CSCU tuition increase no surprise, but is just as wrong

  • CT Viewpoints
  • by Mike LaPorte
  • April 11, 2016
  • View as "Clean Read" "Exit Clean Read"

Connecticut State College and University System (CSCU) President Mark Ojakian’s decision to increase tuition at our community colleges and state universities is a slap in the face to people who are going to college on a budget. What’s worse is that he made the announcement in the middle of the system’s spring break. Ojakian knows that if the tuition increase is announced while class is in session, students would hear about it and action will be taken almost immediately by students and the faculty unions.
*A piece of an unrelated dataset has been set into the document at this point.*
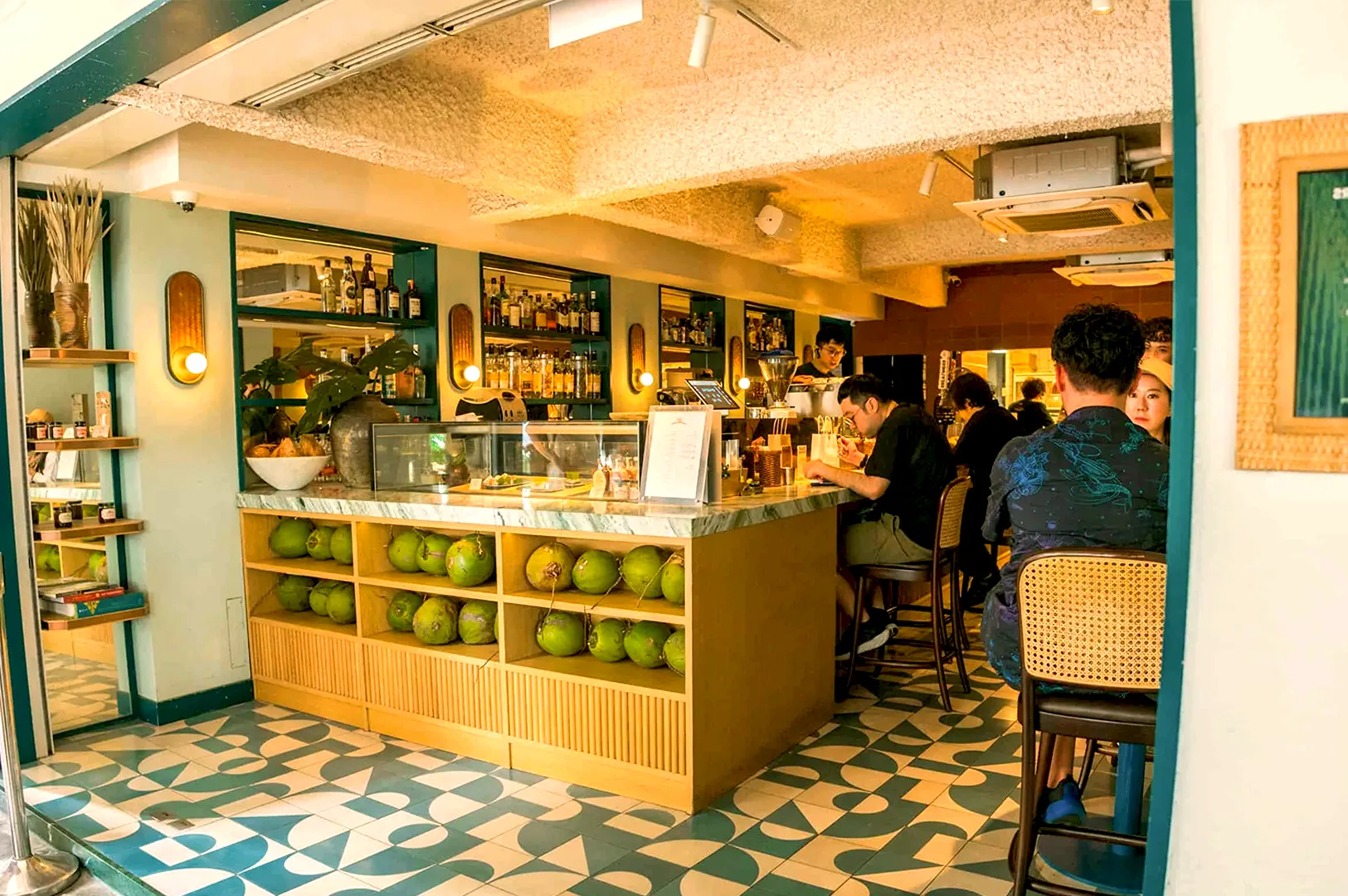 Cozy cafe interior with a tropical theme, featuring a counter lined with fresh coconuts, colorful floor tiles, and patrons enjoying drinks at the bar.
Proper leadership is required to manage a system of higher education, and Ojakian is clearly not the “leader” CSCU needs. In 2011, Ojakian, as Gov. Dannel P. Malloy’s chief of staff, wrote the policy that merged the Connecticut Community Colleges (CCC) and the Connecticut State University System (CSUS) into CSCU.

Since Ojakian executed Malloy’s order, the system has been through two full-time presidents, tuition has gone up, and enrollment has gone down. In hopes of fixing the system and instilling some hope in the hearts of angry faculty and students, Ojakian was tapped by Malloy to be CSCU’s third full­time president, with the long-term goal of addressing the system’s critically important issues. This tuition increase has completely erased all of the progress Ojakian has made in the past, including a recent hiring freeze.

Also, as State Sen. Toni Boucher has pointed out, Ojakian said in the past that he will not “balance the state’s financial burden on the back of our students.” By increasing tuition 5 percent, he’s doing just that, and is going back on his word. This is another classic example of government saying one thing and doing another, and should not be a surprise coming from the Connecticut establishment political machine.

I’m frankly disgusted by this fear-filled, backwards decision by Ojakian, and I’d like to ask CSCU students to remain vigilant in the face of this abusive administration. I’d also like to ask students of the University of Connecticut, who are facing a progressive tuition increase over five years, to stand in solidarity with their sister system. Collectively, all of the students together can say to the state, “Enough is enough.”

Mike LaPorte, 21, of Glastonbury, is a 2015 graduate of Manchester Community College, is currently a junior at the University of Connecticut, and a Senator-elect in the Undergraduate Student Government.